Всё так и осталось бы нераскрытым, но на третий вечер, после долгих бесплодных поисков, произошло вот что.
Мы с Иван Алексеичем после уроков не пошли домой, а остались в музее. Учитель в смешных очочках сидел за столом и, покорно склоняя седую голову, сверял списки экспонатов. Я доставал с полочки нужные для этого документы и копии.
Уже темнело, и я хотел было включить верхнюю лампу, как вдруг комната сама собой озарилась необычным светом с улицы. Мы кинулись к окну и увидели за ним ярчайшее сияние: сверкающий тонкий столб фиолетового оттенка взвивался в воздух над тёмным нашим городком.
Накинув пальто и наскоро нахлобучив шапки, мы с любопытством и тревогой побежали к месту, откуда возникал этот сноп света, – похоже, это была улочка, названная в честь знаменитого Бурангазы Меновщикова – помните? – лидера одного из прошлых движений. Ноябрьский ветер взвивал снеговые гребешки и дул, как водится в самый неподходящий момент, прямо в лицо. Сквозь пелену сумерек и ветра я разглядел: да, это та самая улица, больше того – свет поднимался над домом одноклассника моего, Витьки Довгоносова.
Глядь – а он и сам бежит нам навстречу, ревущий и светящийся, как собака Баскервилей. Что за диковина?

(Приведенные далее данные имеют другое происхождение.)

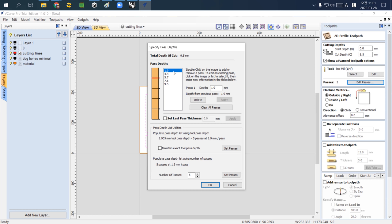The general rule for setting thickness per pass is: do not exceed half the diameter of the tool. Our tool is a quarter inch, roughly 6 millimeters, so the maximum cut depth is 3 millimeters. However, that's the maximum — I prefer about 60-70% of that, so about 2 millimeters per pass. For 10mm material, cutting 2mm at a time means repeating 5 times. Each pass depth here is 1.9mm and it will cut five times. You can control the number of passes at the bottom.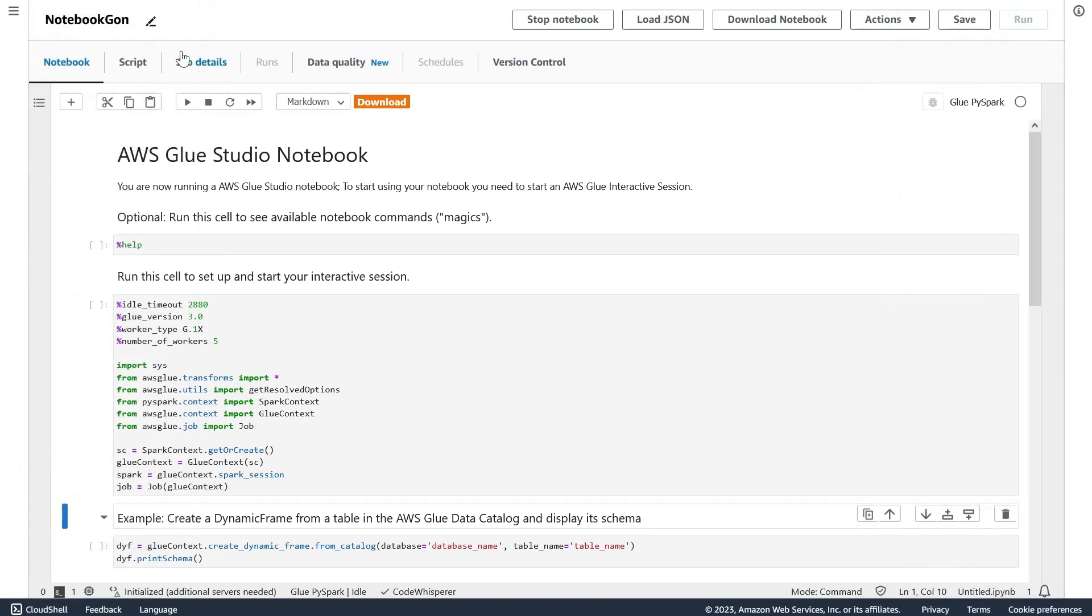I have created a notebook configured with the role that was authorized to use Code Whisperer, so now Code Whisperer is running and waiting to help me. I also started a session with the command configuration, and now I'm going to show you a few examples of how Code Whisperer can help you.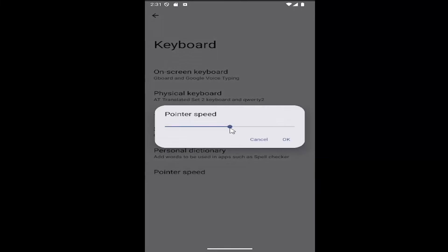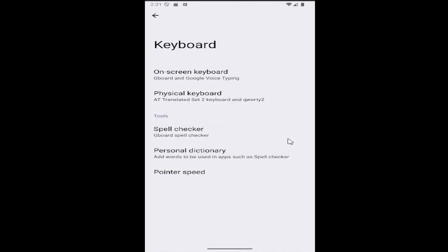Then you can adjust it by moving it left or right. To the right is faster, to the left is slower. Select OK to save it.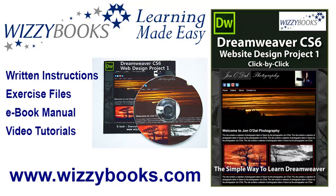Hello and welcome to our first Dreamweaver website design project. In this series you'll learn how to build a complete website from start to finish using Dreamweaver CS6. You can use your own images and resources for this project or if you prefer you can download all of the project files shown in these tutorials.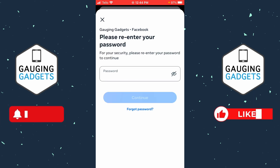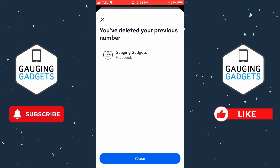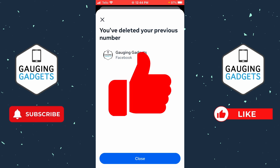You'll then need to re-enter your password, and once you enter your password it'll give you a confirmation that you've deleted your number from your Facebook account. If this video helped you give it a thumbs up and please consider subscribing to my channel.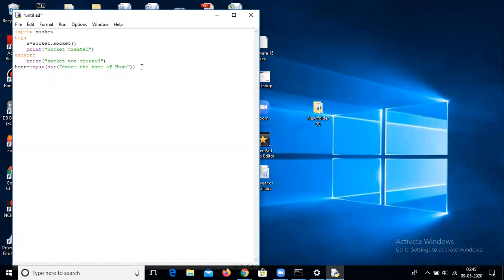As I told you in the last lecture, we need three basic primary things on the client side: socket, host, and port. Now we are going to create a port — you can use whatever port number you want, just create it of your own choice.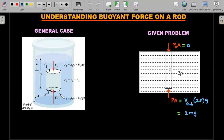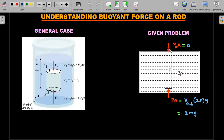In this problem, the rod sits at the free surface, and atmospheric pressure is neglected. The buoyant force comes entirely from the thrust at the bottom: P·A. Since the fluid density is 2ρ, this gives V·2ρ·g = 2mg — twice the weight of the rod. Therefore, the buoyant force is twice the weight, and we need a downward force to maintain equilibrium.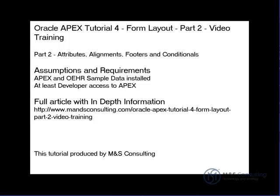Welcome to the Oracle APEX Tutorial 4, Form Layout, Part 2, Video Training Exercise, brought to you by M&S Consulting.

– Это я украл бога! – истерически всхлипывая, кричал Витёк. – Думал, продам одному дядьке, знакомому антиквару – куплю себе велик. Дядька разок был у нас в музее, увидел статуэтку, пристал ко мне: продай да продай! Я унёс вещицу, да поторопился: эти три дня антиквара не было в городе, а сегодня он пришёл к нам домой, и… Только я взял у старикана деньги, только протянул ему этого бронзового урода, как вдруг – этот свет… Почему я свечусь? Это что – радиация?!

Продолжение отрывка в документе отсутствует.